PROBLEM TO SOLVE:
From the data below, please reproduce exactly everything from the line that contains "Кадр Первая ночь покоя" down to the line that contains "Louis Vuitton Chantilly", with both ends included.

#### DATA RECORDS ####

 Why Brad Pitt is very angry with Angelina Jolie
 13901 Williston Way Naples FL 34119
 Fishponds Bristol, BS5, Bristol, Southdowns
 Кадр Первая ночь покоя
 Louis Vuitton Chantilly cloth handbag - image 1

####
#### DATA RECORDS ####

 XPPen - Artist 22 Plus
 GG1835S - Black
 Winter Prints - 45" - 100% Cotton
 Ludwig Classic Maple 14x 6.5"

####

ANSWER FOR THIS EXERCISE:
 Кадр Первая ночь покоя
 Louis Vuitton Chantilly cloth handbag - image 1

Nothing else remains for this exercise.